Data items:

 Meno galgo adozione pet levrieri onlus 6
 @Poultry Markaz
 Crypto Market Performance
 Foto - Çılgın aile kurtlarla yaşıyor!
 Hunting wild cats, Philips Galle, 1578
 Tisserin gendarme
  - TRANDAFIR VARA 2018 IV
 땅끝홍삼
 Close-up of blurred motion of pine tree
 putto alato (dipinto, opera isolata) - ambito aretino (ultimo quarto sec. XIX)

■ Activity ■
Exactly as written, give the line containing "- TRANDAFIR VARA 2018 IV" and all remaining lines of the records.

■ Result of this exercise ■
  - TRANDAFIR VARA 2018 IV
 땅끝홍삼
 Close-up of blurred motion of pine tree
 putto alato (dipinto, opera isolata) - ambito aretino (ultimo quarto sec. XIX)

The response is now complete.